Today, kids can access infinite amounts of information in an instant. Many have access to tools that were unthinkable just a decade ago. They have online platforms and identities with a potentially global reach. Despite these technological leaps, our school system — established more than a hundred years ago — has gone largely unchanged.

Behr set out to find a solution, convening a series of informal breakfast meetings between teachers and technologists. The group steadily grew as ideas and collaborations formed, eventually becoming Remake Learning. The coalition’s members span disciplines and industries, united behind a shared goal of creating learning opportunities that engage kids and prepare them for a changing world.

Their efforts are paying off.

“We see kids in museums building robots,” Behr says. “We see students in classrooms learning to code. We have librarians running music studios and hip-hop artists teaching poetry. Remake Learning Days is a way to showcase this and to celebrate the hard work of so many learners, educators, and families.”

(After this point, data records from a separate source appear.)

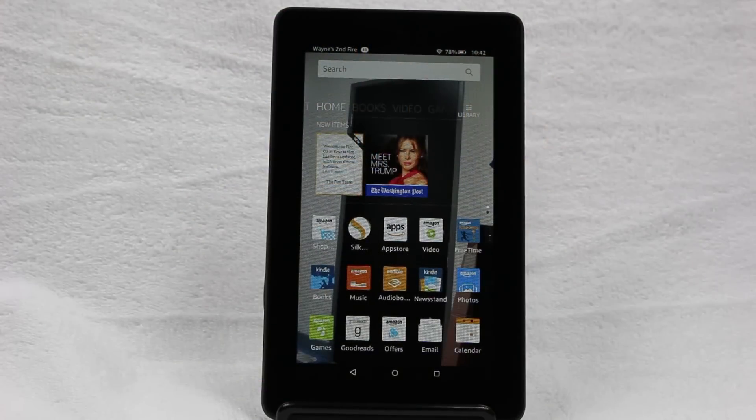How's it going out there? Welcome from H2Tech Video. Today I want to show you how to change your wallpaper on the new Fire 7 tablet.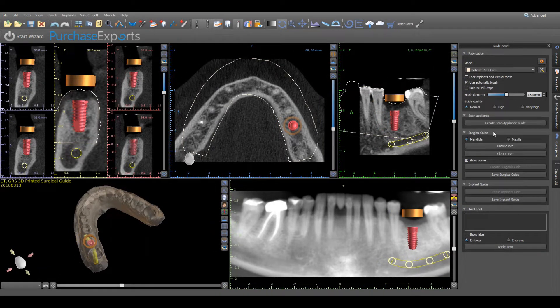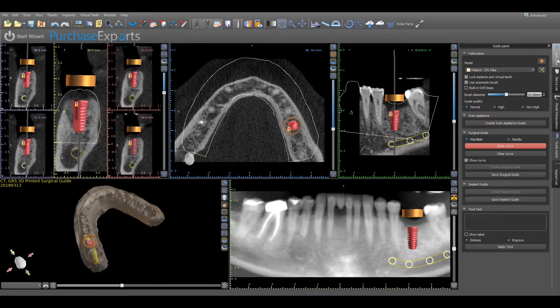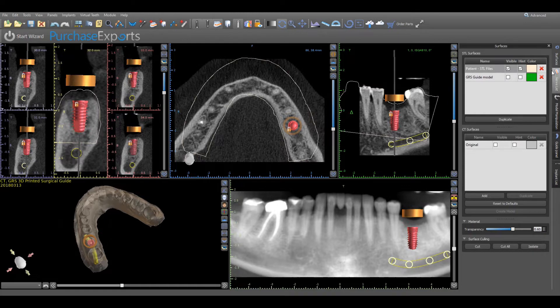Now to design the surgical guide, confirm either mandible or maxilla and then click on Draw Curve, which will automatically lock all implants and teeth in the planned position. Prior to designing the surgical guide, make sure that the virtual model is completely opaque and all transparency has been removed by clicking on the Surfaces tab, highlighting the model to be used, and removing all transparency under the material subheading by using the slider bar to the right.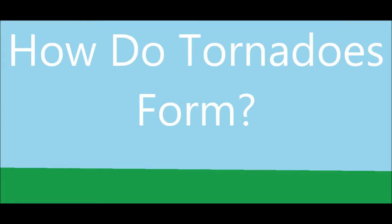How do tornadoes form? In this video I will be demonstrating how tornadoes form.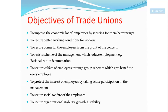The third objective is to secure bonuses for employees from the profit of the concern. If extra work is done, workers need to get the benefit. If they don't receive the benefit, the trade union will help. Another objective is to resist management schemes that reduce employment — for example, rationalization and automation.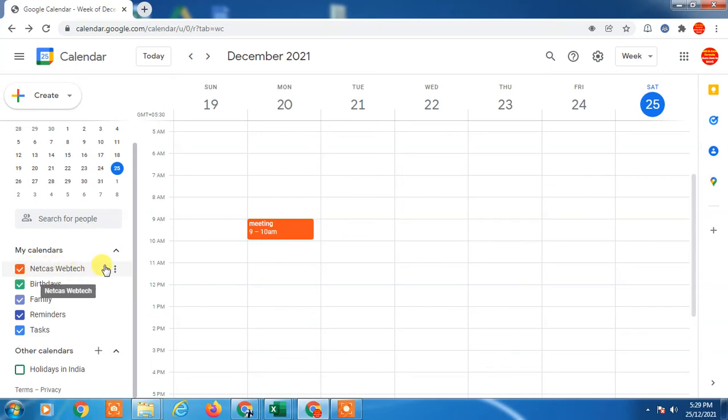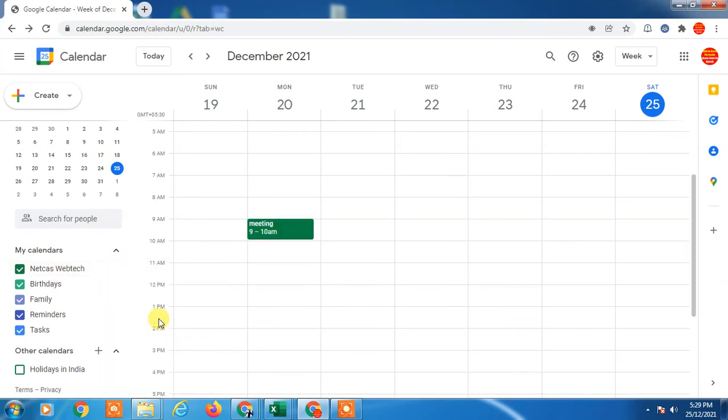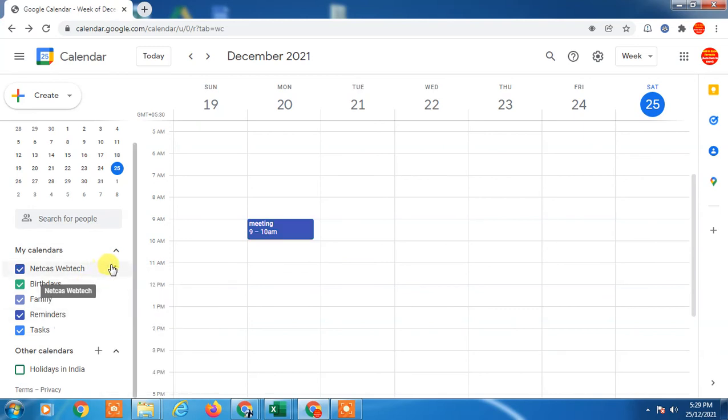You can change it just by clicking on this three dot option which is right side of this calendar name, and go to the color. You can change color easily from here. It is very easy.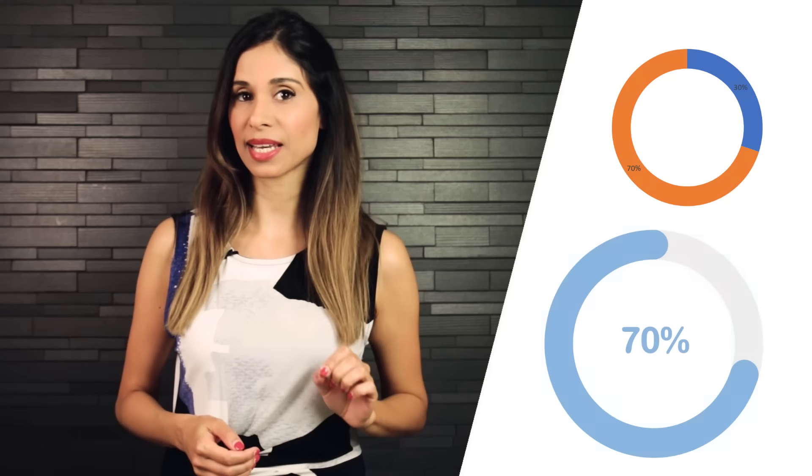The standard doughnut chart in Excel looks like this. Could we get a version that looks like this? I'll show you two ways.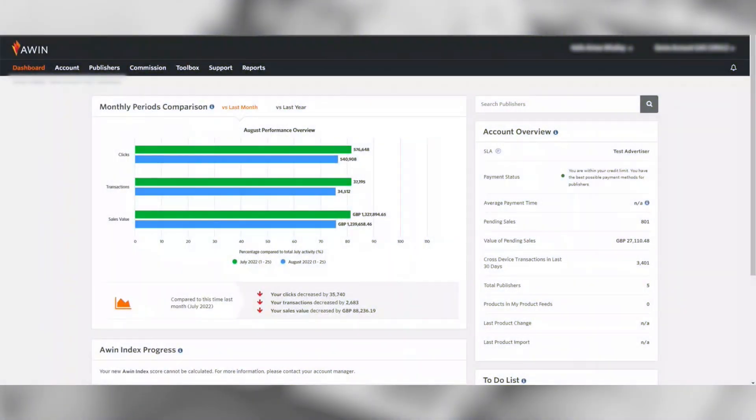Welcome to our AWIN video guide on how to pull a transaction report that matches your invoice. This report can be used to show the approved transactions and totals that relate to your invoice.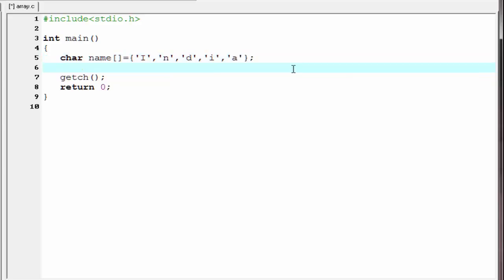Similar to the integer array, we can print the particular element of a character array. To print an array element, I am going to write here printf.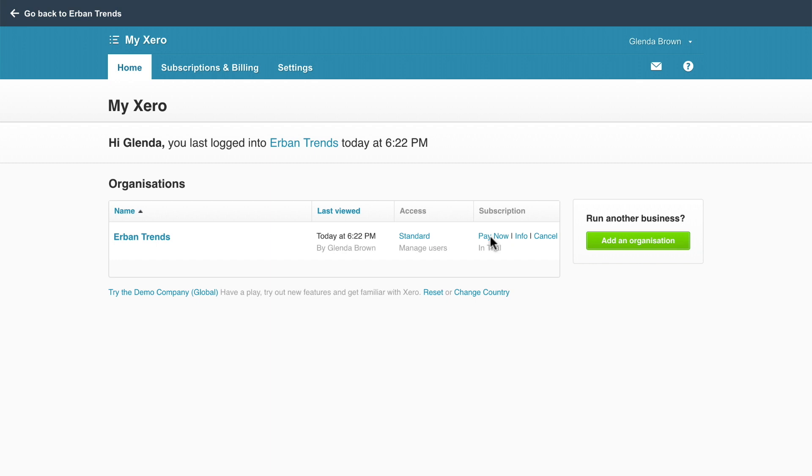If you run multiple businesses, click Add an organization to create another Xero account for the same login. Xero provides each user with their own demo company. Use it to practice new skills and try new features. It consists of test data that resets automatically every 28 days. You can also manually reset it any time you want.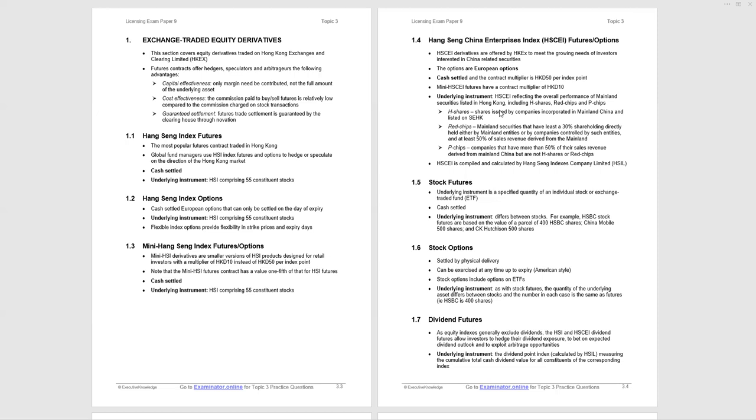Individual stock futures can be traded. They are cash settled, and the underlying instrument will be the underlying stocks. They're based on the value of a parcel of stocks. You can see examples we've offered here - 400 stocks for HSBC shares, China Mobile comes in at 500, and CK Hutchison at 500. Stock options are another equity derivative traded in Hong Kong, settled by physical delivery of the underlying stock. Stock options can be exercised any time up to expiry, so it's an American-style option. These options include options on exchange-traded funds, the Tracker Fund in Hong Kong, and the underlying instrument will be a quantity of the underlying asset.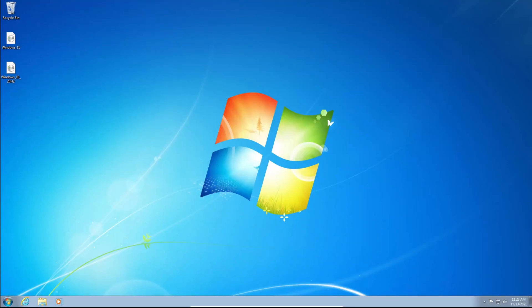Hey everyone and welcome back to another video on the channel. In today's video, I'll be showing you how to upgrade from Windows 7 or an unsupported Windows 7 device to Windows 11. Let's get into the video.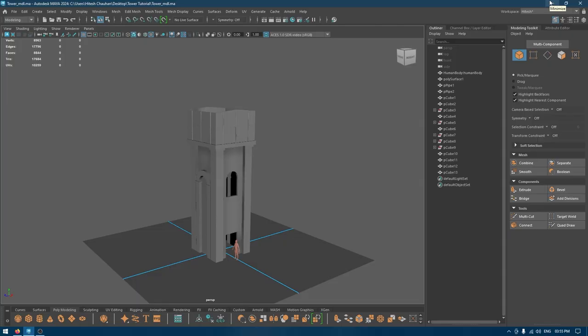Hey guys, welcome back to the channel. My name is Zitesh and I'm back with another tutorial. In our last video we started this tower model and today we are going to add some more details into it.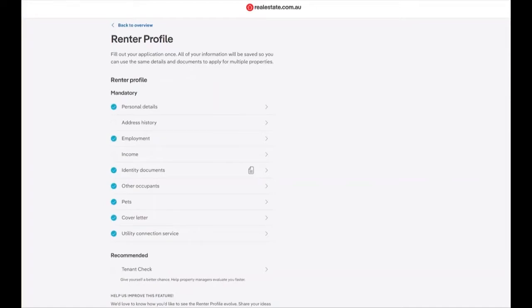To enter in your income information within your renter profile, first log in to your MyREA account.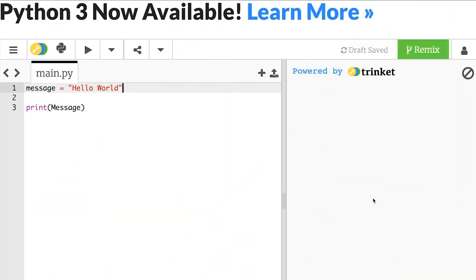Let's jump in and start looking at some common errors found in Python. The first type I'd like to look at are called syntax errors. Syntax errors occur when there's something in your code that Python doesn't understand. Usually this is because of a misspelt variable or a missing piece of punctuation.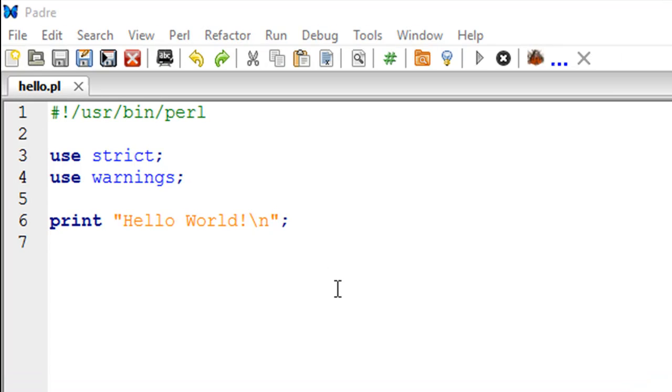The idea of building a hello world program when you begin learning a new programming language is not to learn a feature of the language or absorb the syntax or anything. It is just to familiarize with the environment of the language.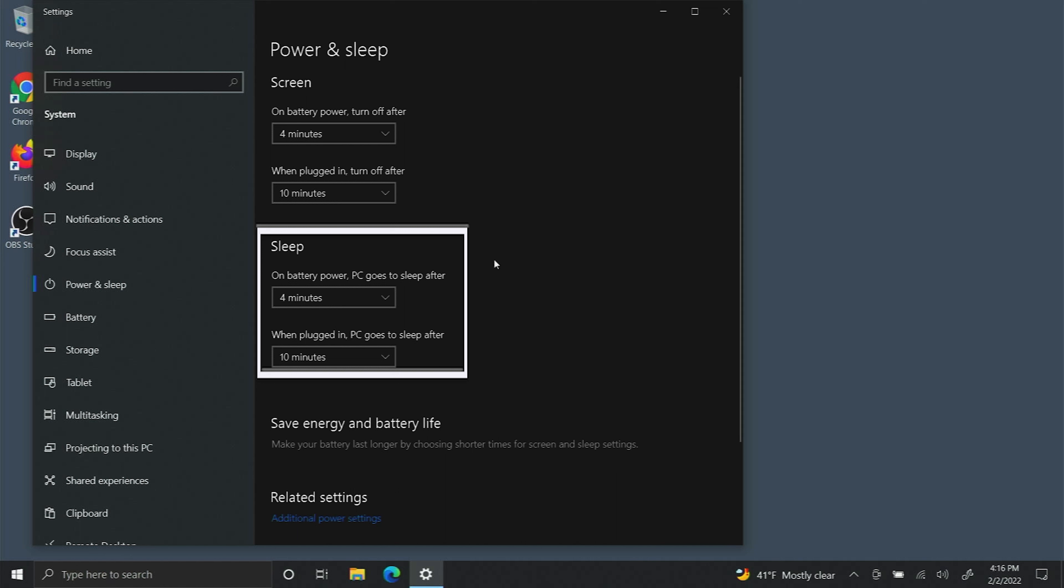You can adjust these settings on timer as well based on your battery or whether you're plugged in.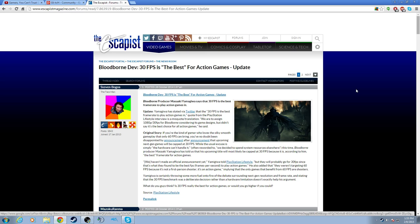The point is this: if 30 frames per second was better, why are you making the remake of Dark Souls 2 at 60 frames per second? Please shut up. What you're saying doesn't make sense. Anybody damage controlling or trying to spin this is lying, point blank period. You may say I'm going a little harsh, but when you hear so much bullshit all the time, you tend to get annoyed eventually.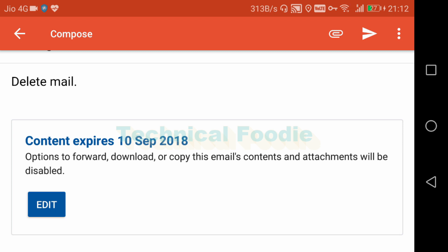I hope this video helped you understand Google's confidential protection mode. If you want to subscribe to our channel, please subscribe and don't forget to click. Thank you.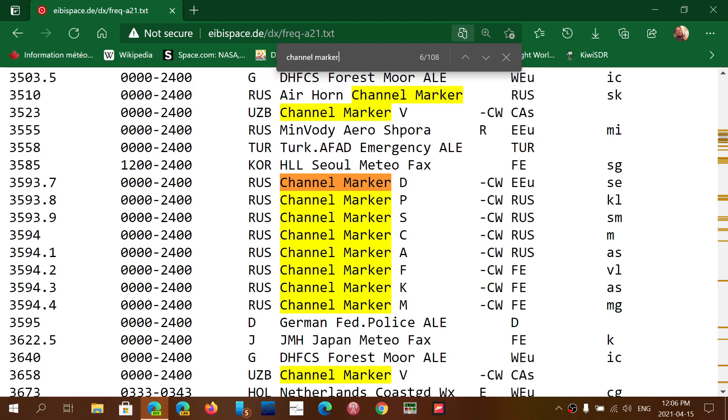Once again, they send one letter Morse code. It's actually a cool way to also kind of brush up slowly on your Morse code.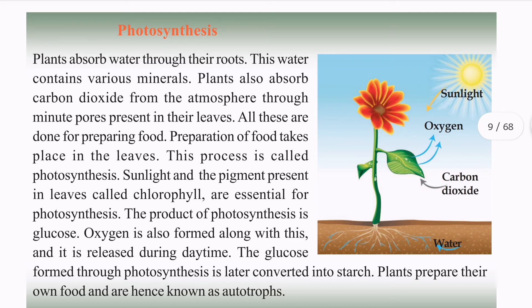Plants absorb water through roots, along with minerals. Plants absorb carbon dioxide from the atmosphere through minute pores in leaves.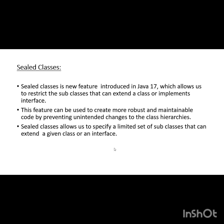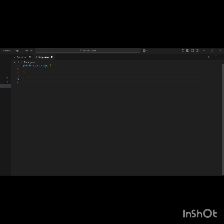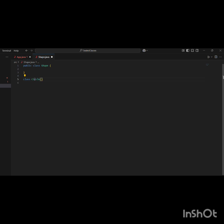Now we will see the use case of sealed classes. Here we have taken a Shape class. In older Java versions, any class could extend this Shape class, but now with Java 17 we can restrict which classes are allowed to extend it using sealed classes. I'm taking two subclasses: class Circle and class Square.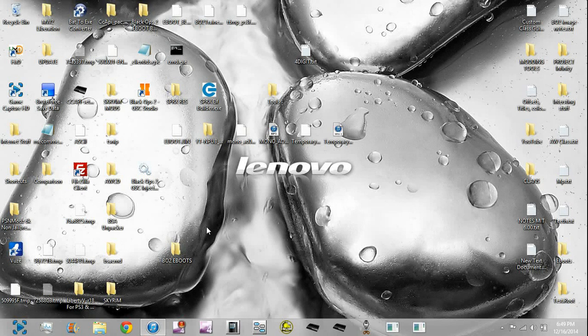What is going on guys, SeriouslyHD here, and today I'm bringing you guys a tutorial on how to mod your Black Ops 2 PSN eBoot to use SPRX.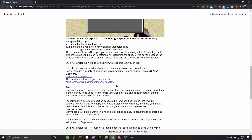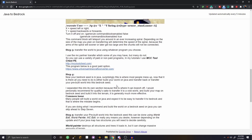Depending on your workflow, this step might be at the beginning or the end of your process. If it's at the beginning, build your world inside the Bedrock seed and then transfer it back — just make sure you don't accidentally load any Java chunks. I'd recommend loading into a void world to be safe. Most of you will probably be transferring a pre-built world into a Bedrock seed.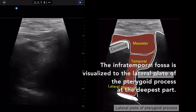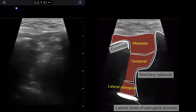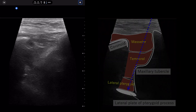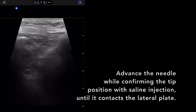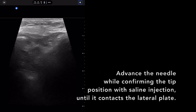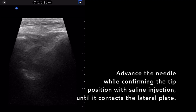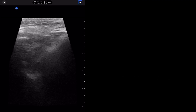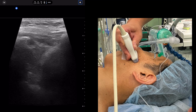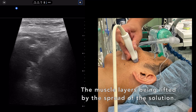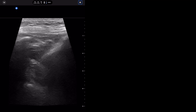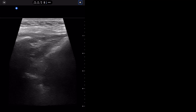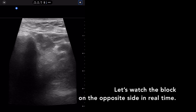The infratemporal fossa is clearly visualized all the way to the lateral plate of the pterygoid process at the deepest part. Needle insertion has begun, but the needle path is not visible at all. Advance the needle while confirming the tip position with saline injection until it contacts the lateral pterygoid plate. Local anesthetic is injected — you can see the muscle layers being lifted by the spread of the solution.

Carnegie Museum of Natural History hosts a free teacher workshop called Future Learning Lab, which explores how Pittsburgh is responding to climate change.

Tools for teachers

The festival isn’t just for kids. With more than 70 professional development events, Remake Learning Days gets educators involved, too.

“That’s awesome,” Taylor says. “They’re taking this stuff to their classrooms.”

Those include EdCampPGH, which brings educators together for an “unconference” created on the fly; a workshop at Carnegie Science Center teaches 3D printing; and Pittsburgh Center for the Arts will help educators bring stop-motion animation to their students.

It’s this interdisciplinary, creative spirit that appeals to teachers like Frew.

“What I love most about Remake Learning is that everybody’s willing to share,” she says. “It’s a group of people who want to make life easier and help each other build upon things. When you get involved, one person leads to another, who leads to another, who leads to another. And then people start reaching out to you. It’s a great network of people who work to make this happen.”

Most importantly, she says, educators are once again connecting with their students.

At Avonworth, she says, “we have an afterschool group of girls called Jam Enterprises who are actually young entrepreneurs. They make something in our makeshop, then turn around and sell it and donate the proceeds to a nonprofit. It’s business, math, and science all working together.

“When I was growing up, you did science, and then you stopped. Then you did math, and then you stopped. Now, these kids understand that what they’re doing connects to the real world.”